NATIONAL POPULATION CENSUS 2019

Deaf, pastoralists risk missing census

A deaf person overlooked in Kilifi county felt 'demeaned and unappreciated as a Kenyan'

In Summary

• On Saturday, Mildred Indikalla a deaf lady waited for the census staff but they did not show up.

• On Sunday, her neighbours told her the enumerators on Saturday knocked her door several times and left when she did not open.

Mildred Indakalla, a deaf person, communicates with her interpreter during the ongoing census after she missed out on Saturday.
Mildred Indakalla, a deaf person, communicates with her interpreter during the ongoing census after she missed out on Saturday.
Image: ALPHONCE GARI

When 6pm struck last Saturday, Mildred Indikalla closed her salon business in Malindi town and rushed home to be enumerated. 

Indikalla, 33, is deaf. She sat by her door for four hours, anticipating to see light penetrating the bottom of her door, an indication that the census guys had arrived.
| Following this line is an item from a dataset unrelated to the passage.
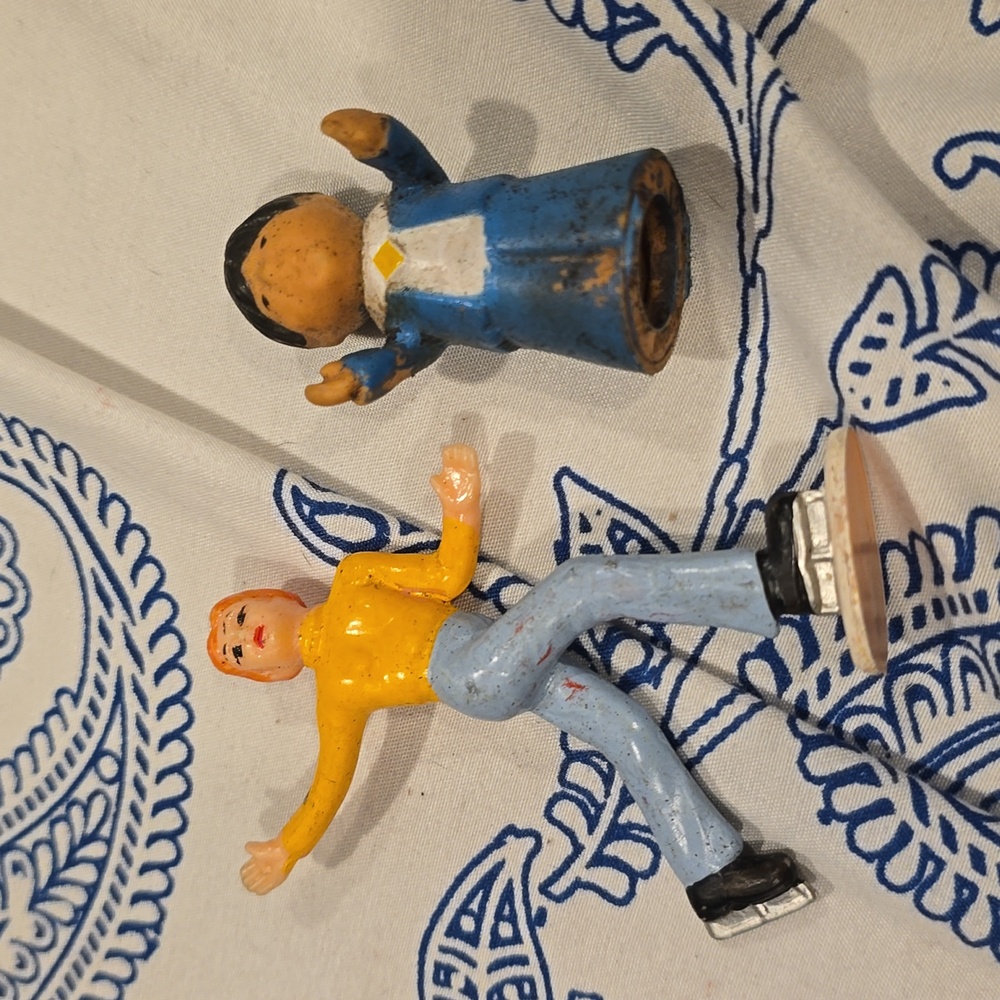 ❤️10/$10 Vintage figures plastic and rubber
Unfortunately, she never saw a sign and decided to sleep and wait for them on Sunday.

 
 
 
 
 

On Sunday, her neighbours told her the enumerators on Saturday knocked her door several times and left when she did not open.

Well, how could she hear? She lives alone. She felt demeaned and unappreciated as a Kenyan.
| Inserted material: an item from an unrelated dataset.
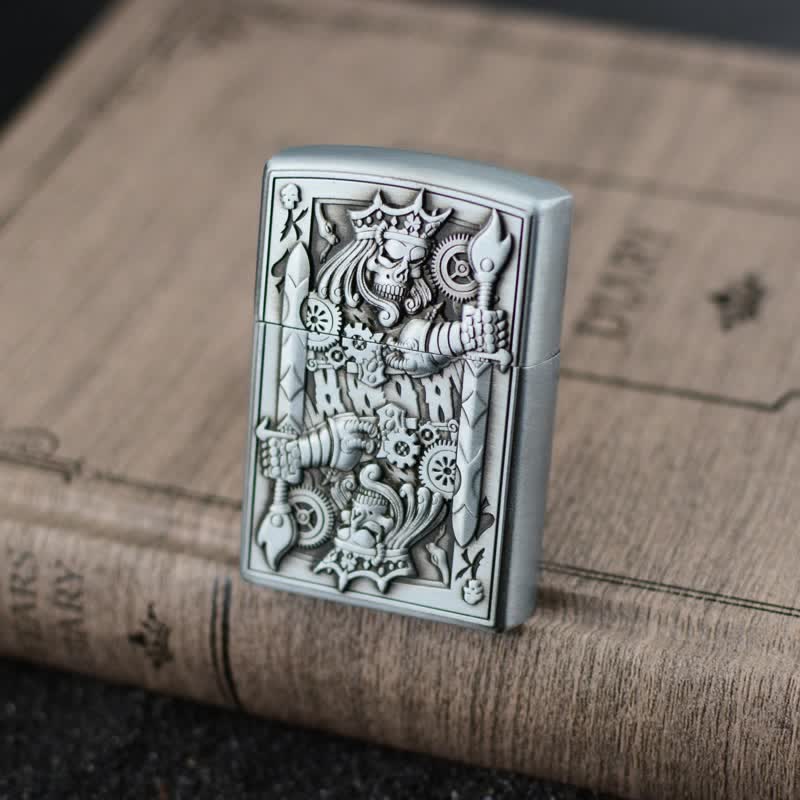 Encendedor de butano recargable con forma de rueda de afilar Skull King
When 6pm struck last Saturday, Mildred Indikalla closed her salon business in Malindi town and rushed home to be enumerated. See story https://bit.ly/2PlY6Ng

After learning of her story, I got an interpreter, Willy Mwangi, and made my way to Indikalla's home accompanied by an enumerator.

"It is so unfortunate that census staff would skip me. I am a Kenyan and I have a right to be counted," she gestured to the interpreter.
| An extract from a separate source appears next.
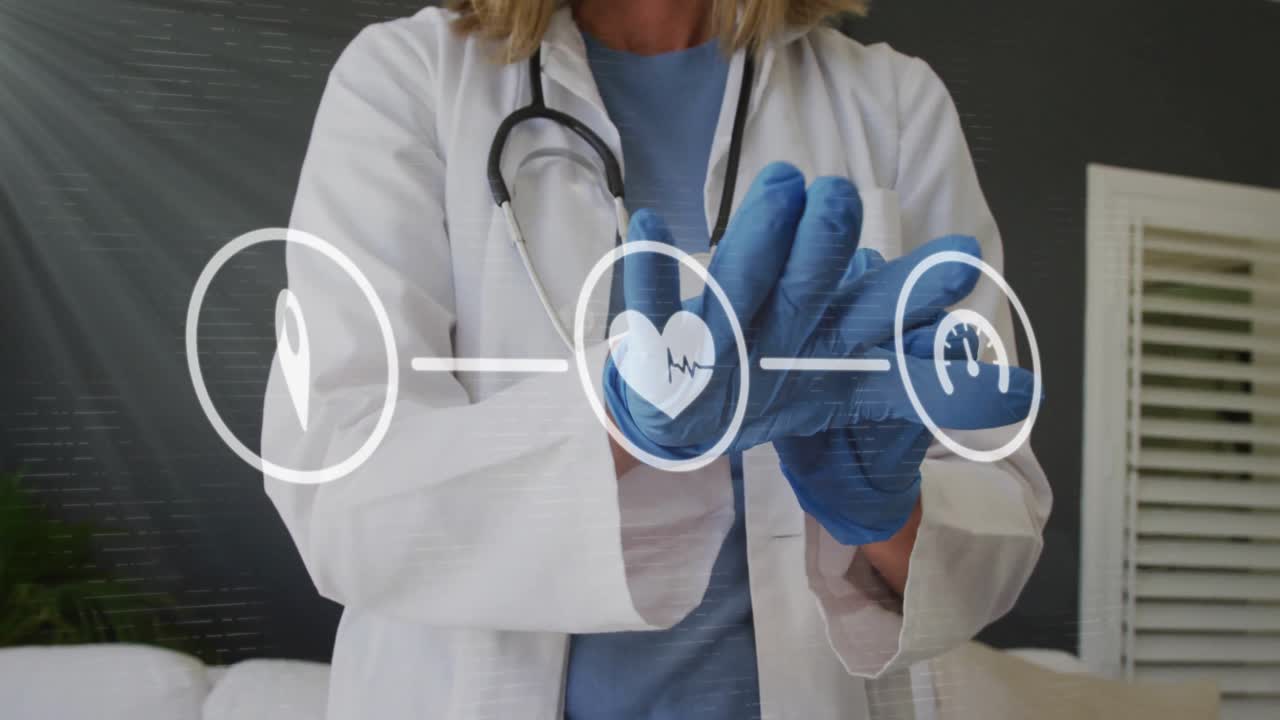 Doctora poniéndose un guante y con una interfaz de usuario médica rastreando iconos de ubicación y medidor de frecuencia cardíaca.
"In the morning, neighbours told me I had missed out being counted because I did not open the door for the census people."

 

She said even if they had met her that night, there would have been a communication barrier as they were not accompanied by sign interpreters.

Her neighbour Janet Nzaro appealed to the government to provide interpreters during the census for the deaf people.

 
 
 
 

"Even at night if you knock their doors they cannot hear," she said.

An interpreter communicates with Mildred Indakalla, a deaf person, during the ongoing census after she missed out on Saturday.
An interpreter communicates with Mildred Indakalla, a deaf person, during the ongoing census after she missed out on Saturday.
Image: ALPHONCE GARI

Mwangi says over 1,000 deaf people in Kilifi may miss out on being counted if the state does not deal with the problem of lack of interpreters.

"We have institutions that understand the importance of this," Mwangi, also a civic educator with Uraia, said. "The deaf people applied for jobs of enumerators but were not given a chance."

Meanwhile, in Tana River county, a group of herders who have migrated to the Tana delta refused to be counted on grounds that they were not in their homes.

Devolution CAS Hussein Dado said the pastoralists must be counted, adding that he would go to all the manyattas with enumerators to ensure they are counted.

Speaking after being counted on Saturday night, he said as a pastoralist, he brought almost all his family members, including one who is studying in the US, to the village to be counted.

Dado wanted to set an example to fellow community members to follow suit.